Epigenetic differences between cell lines correlate with differences in A/B compartmentalization

As the A compartment is associated with open state of the chromatin we next systematically examined the association between A/B compartmentalization and TF binding. We analyzed 122 TF ChIP-seq datasets recorded by ENCODE for cell lines with Hi–C data (Additional file 1: Table S2). First, we measured TF binding site (TFBS) enrichment for the A compartment, for each cell line separately, by defining the A–B density factor, D (D > 1 (positive in log scale) implies that binding sites are enriched for the A compartment and D < 1 (negative in log scale) implies that binding sites are enriched for B compartment; “Methods” section). As expected, the chromatin-binding profile of all TFs in all examined cell lines showed a remarkable enrichment for the A compartment (Additional file 2: Fig. S3; see Additional file 1: Table S3 for one detailed example: CTCF).

Next, we examined whether A–B transitions between cell lines are reflected by TF binding profiles. For each pair of cell lines, numbered 1 and 2, we segmented the genome into four regions according to A/B assignment in the two cell lines as described above. For a given TF, we divided the TF binding sites into three groups: sites common to cell lines 1 and 2, sites detected only in cell line 1, and sites detected only in cell line 2. We then tested for a relationship between these two divisions. Specifically, we defined the A–B occupancy enrichment ratio R (see “Methods” section) to test whether cell-type-specific TFBSs occur more often in regions assigned as A compartment in the cell line where the binding occurs and as B in the other cell line than the opposite regions (that is, regions assigned as B-type in the cell line where the binding occurs and as A in the other one). Table 2a shows, as an example, the results obtained for CTCF binding sites in the comparison between the HMEC and HUVEC cell lines. As expected, we observed that CTCF BSs specific to HMEC (HUVEC) showed a significant preference to AB (BA) genomic regions over BA (AB) regions. As CTCF ChIP-seq data were available for six cell lines with Hi–C data, we could systematically carry out this comparison for this factor. In all pairwise tests, we observed a highly significant preference of CTCF cell-type-specific binding to cell-type-specific A over B regions (Fig. 3a).
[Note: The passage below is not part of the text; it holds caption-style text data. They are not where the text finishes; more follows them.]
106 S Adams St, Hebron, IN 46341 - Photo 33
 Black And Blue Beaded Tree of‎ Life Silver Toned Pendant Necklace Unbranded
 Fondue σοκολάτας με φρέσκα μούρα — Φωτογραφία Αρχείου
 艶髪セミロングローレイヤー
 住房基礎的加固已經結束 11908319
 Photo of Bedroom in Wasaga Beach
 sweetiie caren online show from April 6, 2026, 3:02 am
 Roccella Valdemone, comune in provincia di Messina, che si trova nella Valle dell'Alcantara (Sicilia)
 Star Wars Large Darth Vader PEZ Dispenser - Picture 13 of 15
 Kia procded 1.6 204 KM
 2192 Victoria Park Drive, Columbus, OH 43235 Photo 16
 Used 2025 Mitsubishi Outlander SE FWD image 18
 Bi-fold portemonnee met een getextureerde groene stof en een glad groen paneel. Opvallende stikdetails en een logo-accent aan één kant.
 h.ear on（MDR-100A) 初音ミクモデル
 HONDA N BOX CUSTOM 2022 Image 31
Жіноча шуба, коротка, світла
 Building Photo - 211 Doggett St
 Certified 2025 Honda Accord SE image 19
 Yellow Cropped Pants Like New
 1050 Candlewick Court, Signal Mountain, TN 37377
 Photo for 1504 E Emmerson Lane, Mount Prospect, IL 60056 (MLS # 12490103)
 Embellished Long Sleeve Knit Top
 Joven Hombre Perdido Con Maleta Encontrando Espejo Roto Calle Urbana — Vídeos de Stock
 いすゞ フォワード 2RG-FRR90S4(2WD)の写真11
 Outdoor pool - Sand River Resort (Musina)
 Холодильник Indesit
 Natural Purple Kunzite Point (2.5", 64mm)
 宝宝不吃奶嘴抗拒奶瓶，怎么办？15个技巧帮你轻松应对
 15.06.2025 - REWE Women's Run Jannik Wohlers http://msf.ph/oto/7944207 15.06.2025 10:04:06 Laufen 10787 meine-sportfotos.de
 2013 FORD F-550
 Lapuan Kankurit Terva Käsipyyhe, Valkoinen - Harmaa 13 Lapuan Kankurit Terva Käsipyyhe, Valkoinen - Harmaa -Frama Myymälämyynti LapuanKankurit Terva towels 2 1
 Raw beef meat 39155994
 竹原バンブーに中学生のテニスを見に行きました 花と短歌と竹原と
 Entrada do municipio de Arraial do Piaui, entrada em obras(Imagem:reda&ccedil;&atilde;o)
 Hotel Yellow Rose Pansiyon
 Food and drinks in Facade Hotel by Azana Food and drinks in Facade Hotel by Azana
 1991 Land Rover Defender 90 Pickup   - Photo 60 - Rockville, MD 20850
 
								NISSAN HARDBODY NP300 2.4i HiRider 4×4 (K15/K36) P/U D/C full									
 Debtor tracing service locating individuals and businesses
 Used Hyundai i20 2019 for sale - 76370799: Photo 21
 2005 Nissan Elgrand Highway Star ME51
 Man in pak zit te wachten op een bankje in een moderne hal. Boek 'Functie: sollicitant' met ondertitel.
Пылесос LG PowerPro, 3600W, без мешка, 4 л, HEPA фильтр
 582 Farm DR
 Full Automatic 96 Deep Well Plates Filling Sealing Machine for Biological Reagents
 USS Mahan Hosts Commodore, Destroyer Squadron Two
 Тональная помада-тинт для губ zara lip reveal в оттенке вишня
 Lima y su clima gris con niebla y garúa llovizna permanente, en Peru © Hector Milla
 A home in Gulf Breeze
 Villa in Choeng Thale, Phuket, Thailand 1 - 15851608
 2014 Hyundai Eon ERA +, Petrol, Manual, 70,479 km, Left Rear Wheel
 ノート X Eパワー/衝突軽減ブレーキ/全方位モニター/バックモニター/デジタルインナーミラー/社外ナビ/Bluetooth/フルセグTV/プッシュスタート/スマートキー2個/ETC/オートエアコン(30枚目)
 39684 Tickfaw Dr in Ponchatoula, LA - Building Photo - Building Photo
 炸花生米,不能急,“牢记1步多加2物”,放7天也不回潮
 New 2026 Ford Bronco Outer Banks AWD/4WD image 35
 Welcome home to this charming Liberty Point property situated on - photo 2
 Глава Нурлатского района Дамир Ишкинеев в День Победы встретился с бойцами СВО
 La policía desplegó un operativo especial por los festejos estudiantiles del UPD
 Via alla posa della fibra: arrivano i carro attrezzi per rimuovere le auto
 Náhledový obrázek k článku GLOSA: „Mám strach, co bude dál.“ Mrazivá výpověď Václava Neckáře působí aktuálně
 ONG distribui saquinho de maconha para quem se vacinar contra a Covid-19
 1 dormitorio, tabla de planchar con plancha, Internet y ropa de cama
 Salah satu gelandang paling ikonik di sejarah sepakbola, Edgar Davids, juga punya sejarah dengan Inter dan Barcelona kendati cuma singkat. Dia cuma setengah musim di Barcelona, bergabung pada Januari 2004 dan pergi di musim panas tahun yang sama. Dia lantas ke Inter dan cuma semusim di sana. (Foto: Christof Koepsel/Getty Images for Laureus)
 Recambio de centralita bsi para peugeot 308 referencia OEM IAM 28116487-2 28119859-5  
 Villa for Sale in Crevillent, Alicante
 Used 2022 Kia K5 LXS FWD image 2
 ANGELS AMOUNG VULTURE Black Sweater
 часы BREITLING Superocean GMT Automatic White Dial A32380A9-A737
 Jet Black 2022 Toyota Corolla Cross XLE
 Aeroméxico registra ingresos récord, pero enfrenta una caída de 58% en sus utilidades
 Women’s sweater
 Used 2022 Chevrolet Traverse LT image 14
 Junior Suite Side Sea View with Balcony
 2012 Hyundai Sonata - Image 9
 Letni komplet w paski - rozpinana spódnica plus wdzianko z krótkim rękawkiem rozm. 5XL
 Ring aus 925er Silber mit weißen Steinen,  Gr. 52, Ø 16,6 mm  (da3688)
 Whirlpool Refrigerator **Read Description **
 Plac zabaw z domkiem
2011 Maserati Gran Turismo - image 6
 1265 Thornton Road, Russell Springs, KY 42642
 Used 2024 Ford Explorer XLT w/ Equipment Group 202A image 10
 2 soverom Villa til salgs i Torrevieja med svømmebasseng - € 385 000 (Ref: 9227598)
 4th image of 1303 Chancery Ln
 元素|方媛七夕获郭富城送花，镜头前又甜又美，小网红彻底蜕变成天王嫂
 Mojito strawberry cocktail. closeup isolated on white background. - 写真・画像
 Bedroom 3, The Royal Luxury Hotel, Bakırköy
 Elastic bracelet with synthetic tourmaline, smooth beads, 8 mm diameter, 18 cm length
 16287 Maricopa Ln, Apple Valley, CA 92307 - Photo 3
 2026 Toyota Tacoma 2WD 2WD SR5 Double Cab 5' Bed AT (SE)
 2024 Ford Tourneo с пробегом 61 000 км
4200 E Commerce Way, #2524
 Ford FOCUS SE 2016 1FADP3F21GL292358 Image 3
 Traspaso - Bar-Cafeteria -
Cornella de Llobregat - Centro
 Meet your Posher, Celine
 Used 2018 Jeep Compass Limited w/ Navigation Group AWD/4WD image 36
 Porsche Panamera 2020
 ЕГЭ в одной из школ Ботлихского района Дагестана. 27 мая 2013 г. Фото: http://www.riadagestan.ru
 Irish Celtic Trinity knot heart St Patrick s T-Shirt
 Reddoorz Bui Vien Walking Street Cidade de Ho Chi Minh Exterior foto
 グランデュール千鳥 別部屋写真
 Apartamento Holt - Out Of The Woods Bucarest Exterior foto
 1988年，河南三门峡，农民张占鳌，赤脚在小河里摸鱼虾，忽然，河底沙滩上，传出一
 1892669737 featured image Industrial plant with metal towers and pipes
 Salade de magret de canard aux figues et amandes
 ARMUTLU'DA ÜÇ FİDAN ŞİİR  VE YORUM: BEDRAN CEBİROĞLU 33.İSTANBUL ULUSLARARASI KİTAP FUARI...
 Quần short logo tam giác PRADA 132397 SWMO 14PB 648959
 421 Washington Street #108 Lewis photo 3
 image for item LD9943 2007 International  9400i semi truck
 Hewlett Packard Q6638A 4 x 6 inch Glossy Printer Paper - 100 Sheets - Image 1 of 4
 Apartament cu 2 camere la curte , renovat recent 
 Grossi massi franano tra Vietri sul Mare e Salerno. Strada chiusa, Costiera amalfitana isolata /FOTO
Yet, a large portion of cell-type-specific TFBSs were located in genomic regions that are assigned to A compartment in both cell lines (AA regions) (Table 2a), indicating that other factors in addition to A/B compartmentalization determine the TF-chromatin interaction profile in each cell type.
Table 2

Comparison of binding site and epigenetic mark occupancy in A/B compartments between two cell types

(A) CTCF; HMEC–HUVEC

AA

AB

BA

BB

Total

R

p value

 HMEC only CTCF BSs

7241

1655

947

4775

14,618

2.34

10−168

 HUVEC only CTCF BSs

4516

264

1180

1524

7484

  

 Common CTCF BSs

24,986

2587

4647

9750

41,970

  

(B) H3K9ac; GM12878-NHEK

AA

AB

BA

BB

Total

R

p value

 GM12878 only H3K9ac peaks

14,695

3111

596

1708

20,110

4.54

< 10−300

 NHEK only H3K9ac peaks

19,997

1401

5949

4154

31,501

  

 Common H3K9ac peaks

21,594

2036

1078

2911

27,619

  

(C) H3K27me3; MCF7-GM12878

AA

AB

BA

BB

Total

R

p value

 MCF7 only H3K27me3 peaks

5213

1751

3637

9712

20,313

0.54

10−122

 GM12878 only H3K27me3 peaks

7176

1765

1145

3608

13,694

  

 Common H3K27me3 peaks

318

95

118

317

848

  

Preference to cell-type specific A/B compartment is emphasized in italics

Fig. 3
Fig. 3

Cell-type-specific TF binding and histone modification events versus cell-type-specific compartments. a Relation between cell-type-specific A/B partition and CTCF binding sites for six cell lines. For all pair-wise comparisons, CTCF BSs specific to cell 1 (cell 2) showed a significant preference to AB (BA) genomic regions over BA (AB) regions. All p values are highly significant (–log10, Chi-square test). b Relation between cell-type-specific TFBSs and A/B compartments in the comparison between GM12878 and K562. For each of the 49 TFs we calculated the AB occupancy enrichment ratio as a measure for the preference of its cell-type-specific binding events to AB genomic regions over BA regions. Experiments are sorted by p value, and enrichment ratios are represented by bars. Red line: p value = 0.01 (statistically significant and nonsignificant results are presented by black and gray bars, respectively). c The same as B, but for histone modifications. The compared cell lines (using the first two letters of their names; e.g., GM = GM12878; K5 = K562) and the examined histone modification are indicated below each bar. The results for the repressive histone marks H3K27me3 and H3K9me3 are colored in red

To study the relation between cell-type-specific binding sites and compartments across many TFs, we focused on GM12878 and K562, which have ChIP-seq data for 49 common TFs. Strong cell-type-specific TFBS-compartment relationship was observed for the vast majority of TFs (Fig. 3b). We obtained a significant relationship for 44 out of 49 TFs (FDR < 0.05). (Three out of the five TFs with nonsignificant p value have very small group sizes, and thus, their tests lack statistical power.) The strongest effect was observed for EP300, a transcriptional activator that marks active enhancers. In the analysis of other pairs of cell lines, we found a similar significant preference of cell-type-specific TF binding events for cell-type-specific A compartment (Additional file 2: Fig. S4). EZH2, a member of the polycomb-group (PcG) family that maintains suppressive chromatin state, was markedly different than other TFs and generally showed mild preference to cell-type-specific B compartments (Additional file 2: Fig. S4).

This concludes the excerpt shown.